## YOUR ASSIGNMENT
For the entries that follow, restate word for word the line containing "55ff: Seu Especialista", the line containing "casino slot terbesar vbulletin", and every line that lies between them.

## EXTRACTED INFORMATION
=-=-=-=-=

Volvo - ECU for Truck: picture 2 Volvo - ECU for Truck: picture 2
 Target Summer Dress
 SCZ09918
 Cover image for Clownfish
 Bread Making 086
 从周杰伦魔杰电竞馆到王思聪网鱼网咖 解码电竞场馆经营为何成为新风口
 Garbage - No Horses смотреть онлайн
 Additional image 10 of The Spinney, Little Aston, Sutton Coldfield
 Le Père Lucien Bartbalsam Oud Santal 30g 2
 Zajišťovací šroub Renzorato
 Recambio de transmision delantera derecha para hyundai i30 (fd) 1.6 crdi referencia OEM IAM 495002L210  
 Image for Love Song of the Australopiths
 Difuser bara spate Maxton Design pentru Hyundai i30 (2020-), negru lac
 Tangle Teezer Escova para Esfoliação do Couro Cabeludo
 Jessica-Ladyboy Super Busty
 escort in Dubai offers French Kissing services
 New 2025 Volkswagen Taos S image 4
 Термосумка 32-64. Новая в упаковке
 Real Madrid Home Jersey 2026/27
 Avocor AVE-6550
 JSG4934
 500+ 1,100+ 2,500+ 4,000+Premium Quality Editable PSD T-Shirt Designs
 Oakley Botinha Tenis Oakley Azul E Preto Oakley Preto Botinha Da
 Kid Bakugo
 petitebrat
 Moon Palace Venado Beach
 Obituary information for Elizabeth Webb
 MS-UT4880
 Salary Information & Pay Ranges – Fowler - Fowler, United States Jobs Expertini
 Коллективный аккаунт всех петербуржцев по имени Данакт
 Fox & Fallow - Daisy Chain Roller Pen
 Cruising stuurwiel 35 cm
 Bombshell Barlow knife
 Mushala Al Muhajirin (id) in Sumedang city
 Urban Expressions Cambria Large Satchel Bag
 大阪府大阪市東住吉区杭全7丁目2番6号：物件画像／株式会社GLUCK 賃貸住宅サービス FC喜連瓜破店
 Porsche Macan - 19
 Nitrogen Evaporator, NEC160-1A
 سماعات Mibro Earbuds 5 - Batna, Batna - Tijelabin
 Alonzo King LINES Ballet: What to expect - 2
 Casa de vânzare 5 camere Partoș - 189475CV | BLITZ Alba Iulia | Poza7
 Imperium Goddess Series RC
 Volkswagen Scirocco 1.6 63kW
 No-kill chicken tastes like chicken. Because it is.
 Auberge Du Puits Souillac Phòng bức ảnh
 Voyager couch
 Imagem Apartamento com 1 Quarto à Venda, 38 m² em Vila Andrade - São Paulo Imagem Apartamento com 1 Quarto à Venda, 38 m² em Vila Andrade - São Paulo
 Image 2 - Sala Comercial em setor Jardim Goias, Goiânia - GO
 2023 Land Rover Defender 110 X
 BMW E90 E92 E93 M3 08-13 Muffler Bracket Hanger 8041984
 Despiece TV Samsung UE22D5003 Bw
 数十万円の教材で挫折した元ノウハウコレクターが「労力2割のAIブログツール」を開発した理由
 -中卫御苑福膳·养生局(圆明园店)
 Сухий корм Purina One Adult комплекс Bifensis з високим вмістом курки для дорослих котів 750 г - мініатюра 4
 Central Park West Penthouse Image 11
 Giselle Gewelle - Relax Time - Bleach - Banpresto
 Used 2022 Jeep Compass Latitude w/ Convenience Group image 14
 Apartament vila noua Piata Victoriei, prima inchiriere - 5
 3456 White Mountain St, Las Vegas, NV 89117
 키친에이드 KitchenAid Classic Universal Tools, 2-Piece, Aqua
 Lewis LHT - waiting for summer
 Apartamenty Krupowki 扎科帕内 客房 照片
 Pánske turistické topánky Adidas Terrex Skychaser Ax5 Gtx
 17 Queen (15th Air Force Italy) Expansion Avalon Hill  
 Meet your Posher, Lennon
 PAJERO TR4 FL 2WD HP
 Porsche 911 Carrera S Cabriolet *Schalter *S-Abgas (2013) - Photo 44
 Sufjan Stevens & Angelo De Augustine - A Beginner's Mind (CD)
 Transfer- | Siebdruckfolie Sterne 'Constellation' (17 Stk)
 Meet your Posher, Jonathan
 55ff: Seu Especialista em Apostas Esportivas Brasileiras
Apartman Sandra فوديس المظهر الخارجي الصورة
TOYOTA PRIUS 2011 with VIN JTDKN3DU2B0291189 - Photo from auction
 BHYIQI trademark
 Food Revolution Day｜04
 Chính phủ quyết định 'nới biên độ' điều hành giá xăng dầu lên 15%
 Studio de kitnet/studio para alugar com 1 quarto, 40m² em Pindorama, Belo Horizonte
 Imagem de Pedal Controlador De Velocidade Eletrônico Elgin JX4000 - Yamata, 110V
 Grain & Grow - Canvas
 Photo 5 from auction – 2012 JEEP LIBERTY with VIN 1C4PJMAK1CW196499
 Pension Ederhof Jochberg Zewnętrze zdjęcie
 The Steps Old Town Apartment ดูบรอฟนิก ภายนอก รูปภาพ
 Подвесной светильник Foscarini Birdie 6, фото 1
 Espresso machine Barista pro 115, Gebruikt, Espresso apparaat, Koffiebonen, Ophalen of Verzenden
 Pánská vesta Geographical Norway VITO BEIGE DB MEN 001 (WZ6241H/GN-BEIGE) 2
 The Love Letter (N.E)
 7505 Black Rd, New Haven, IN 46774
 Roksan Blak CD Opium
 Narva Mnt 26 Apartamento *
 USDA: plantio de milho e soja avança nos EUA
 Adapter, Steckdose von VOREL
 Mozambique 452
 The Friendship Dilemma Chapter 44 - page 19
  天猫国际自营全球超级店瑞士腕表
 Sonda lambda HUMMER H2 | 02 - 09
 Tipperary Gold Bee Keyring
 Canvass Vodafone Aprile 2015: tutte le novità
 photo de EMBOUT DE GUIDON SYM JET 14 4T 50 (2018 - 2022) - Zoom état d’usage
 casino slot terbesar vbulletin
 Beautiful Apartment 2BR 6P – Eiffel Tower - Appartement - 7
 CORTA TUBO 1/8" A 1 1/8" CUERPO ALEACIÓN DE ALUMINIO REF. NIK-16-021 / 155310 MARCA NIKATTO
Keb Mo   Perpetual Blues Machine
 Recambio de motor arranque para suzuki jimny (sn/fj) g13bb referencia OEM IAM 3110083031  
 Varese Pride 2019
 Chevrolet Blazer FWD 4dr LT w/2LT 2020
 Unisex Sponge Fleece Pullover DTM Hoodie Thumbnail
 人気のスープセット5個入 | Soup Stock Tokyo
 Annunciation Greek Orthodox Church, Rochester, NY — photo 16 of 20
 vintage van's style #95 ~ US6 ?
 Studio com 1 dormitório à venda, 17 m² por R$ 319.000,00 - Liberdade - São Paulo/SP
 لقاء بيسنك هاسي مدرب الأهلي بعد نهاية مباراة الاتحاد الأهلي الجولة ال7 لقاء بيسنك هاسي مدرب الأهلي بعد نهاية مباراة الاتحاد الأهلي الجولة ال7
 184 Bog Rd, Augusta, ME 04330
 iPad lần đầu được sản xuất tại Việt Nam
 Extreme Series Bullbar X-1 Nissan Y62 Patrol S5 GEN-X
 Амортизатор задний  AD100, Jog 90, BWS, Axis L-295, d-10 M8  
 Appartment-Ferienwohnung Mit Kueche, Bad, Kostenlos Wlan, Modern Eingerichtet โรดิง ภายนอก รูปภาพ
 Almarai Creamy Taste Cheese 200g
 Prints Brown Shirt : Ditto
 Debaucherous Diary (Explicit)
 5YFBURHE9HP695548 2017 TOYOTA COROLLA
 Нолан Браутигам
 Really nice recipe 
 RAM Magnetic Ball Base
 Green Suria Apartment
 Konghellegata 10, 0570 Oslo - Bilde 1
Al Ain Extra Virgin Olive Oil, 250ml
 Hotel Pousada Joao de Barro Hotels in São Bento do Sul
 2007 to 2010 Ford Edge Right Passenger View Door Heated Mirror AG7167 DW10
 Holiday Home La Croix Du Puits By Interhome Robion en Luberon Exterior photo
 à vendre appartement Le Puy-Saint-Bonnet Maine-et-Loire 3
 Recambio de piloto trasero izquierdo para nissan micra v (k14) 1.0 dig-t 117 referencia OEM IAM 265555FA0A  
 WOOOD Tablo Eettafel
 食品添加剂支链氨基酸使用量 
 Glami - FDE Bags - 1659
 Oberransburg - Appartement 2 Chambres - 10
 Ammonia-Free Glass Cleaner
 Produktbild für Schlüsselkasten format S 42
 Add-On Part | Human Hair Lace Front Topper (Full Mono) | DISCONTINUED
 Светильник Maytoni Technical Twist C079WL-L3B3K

=-=-=-=-=

## EXPECTED OUTPUT
 55ff: Seu Especialista em Apostas Esportivas Brasileiras
Apartman Sandra فوديس المظهر الخارجي الصورة
TOYOTA PRIUS 2011 with VIN JTDKN3DU2B0291189 - Photo from auction
 BHYIQI trademark
 Food Revolution Day｜04
 Chính phủ quyết định 'nới biên độ' điều hành giá xăng dầu lên 15%
 Studio de kitnet/studio para alugar com 1 quarto, 40m² em Pindorama, Belo Horizonte
 Imagem de Pedal Controlador De Velocidade Eletrônico Elgin JX4000 - Yamata, 110V
 Grain & Grow - Canvas
 Photo 5 from auction – 2012 JEEP LIBERTY with VIN 1C4PJMAK1CW196499
 Pension Ederhof Jochberg Zewnętrze zdjęcie
 The Steps Old Town Apartment ดูบรอฟนิก ภายนอก รูปภาพ
 Подвесной светильник Foscarini Birdie 6, фото 1
 Espresso machine Barista pro 115, Gebruikt, Espresso apparaat, Koffiebonen, Ophalen of Verzenden
 Pánská vesta Geographical Norway VITO BEIGE DB MEN 001 (WZ6241H/GN-BEIGE) 2
 The Love Letter (N.E)
 7505 Black Rd, New Haven, IN 46774
 Roksan Blak CD Opium
 Narva Mnt 26 Apartamento *
 USDA: plantio de milho e soja avança nos EUA
 Adapter, Steckdose von VOREL
 Mozambique 452
 The Friendship Dilemma Chapter 44 - page 19
  天猫国际自营全球超级店瑞士腕表
 Sonda lambda HUMMER H2 | 02 - 09
 Tipperary Gold Bee Keyring
 Canvass Vodafone Aprile 2015: tutte le novità
 photo de EMBOUT DE GUIDON SYM JET 14 4T 50 (2018 - 2022) - Zoom état d’usage
 casino slot terbesar vbulletin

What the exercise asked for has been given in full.